Here, particularly women who have expressed doubts about the “transing” of children or the eroding of women’s rights, have been seen as immoral, as stopping an individual’s right to fundamental self-expression. Yet the more we knew about GIDS following the Cass Review (which resulted in the Tavistock clinic being shut down), the more we heard the voices of detransitioners, the more many of us were waiting for this scandal to blow.

I said years ago: “When history gets written and rewritten, it will become clear who ignored it even when given the evidence and who really didn’t care about teenage girls. Those who said nothing. We see you.”

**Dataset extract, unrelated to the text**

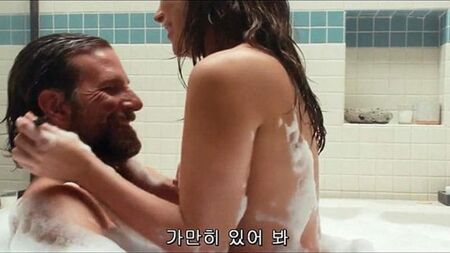 Lady Gaga nuda nella vasca da bagno con Bradley Cooper su ScandalPlanet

And now we do see you. The WPATH files have been leaked and guess what? There is no vindication here, just appalling evidence of the maiming of young bodies. Some of this is not new information. Jazz Jennings, assigned male at birth, who appeared on a reality TV show and was put on blockers at 11, did not have enough genital material to make a neovagina so it was made from their stomach lining and then split apart involving at least three more corrective surgeries and much pain. 

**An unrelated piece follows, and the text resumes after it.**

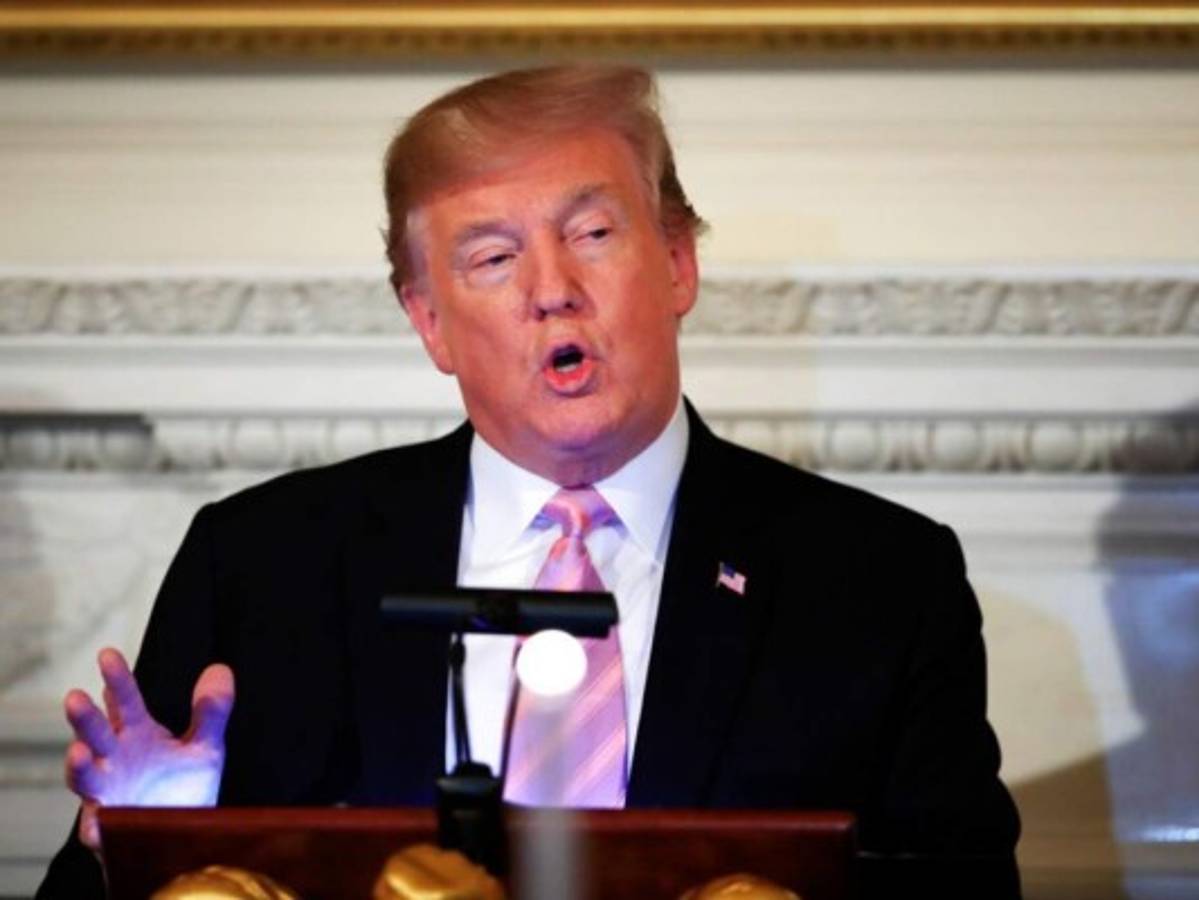 En el marco del Día Nacional de la Oración, Donald Trump pide el final de la violencia contra los fieles  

Marci Bowers, Jazz’s surgeon, who herself transitioned after fathering three children said that Jazz will never have an orgasm. Telling children that they can change “sex” when it means they will become infertile and have no sexual function is surely dishonest. 

Realising that some of these kids have deep psychological issues but ignoring them is also surely malpractice. Scarlett Blake, the murderer who had also tortured a cat, is another ex-GIDS patient. 

The WPATH leaks talk of mastectomies with no nipples, incontinence, and “nullification” – that is, creating eunuchs.

There are doctors talking of cancer caused by hormones in teenagers and operations where a fake vagina is made and the penis is kept too.

I could go into way more gruesome details but I will spare you. All of this happens because there is money to be made from deep distress, and medical insurance will actually pay for some of this.

But children? How have we allowed the care of some of our most disturbed children to be formulated by an organisation that in its latest standards of care thinks puberty blockers can be given at any age and that some boys may identity as “eunuch individuals”, in which case hormones may not be enough and “surgical care” may be needed. Apparently there is “a lack of awareness” about this within the general medical community. You don’t say? Who knew castrating boys does not sit too well alongside the Do No Harm motto. 

All of this is sad beyond belief. Accusations of transphobia have stopped many professionals from seeing or telling the truth. When the preferred guidance is advising the chopping off of  young, healthy flesh and to hell with the complications, this should not even be called medicine. It is mutilation. Sticking the word “gender” in front of it does not change the reality.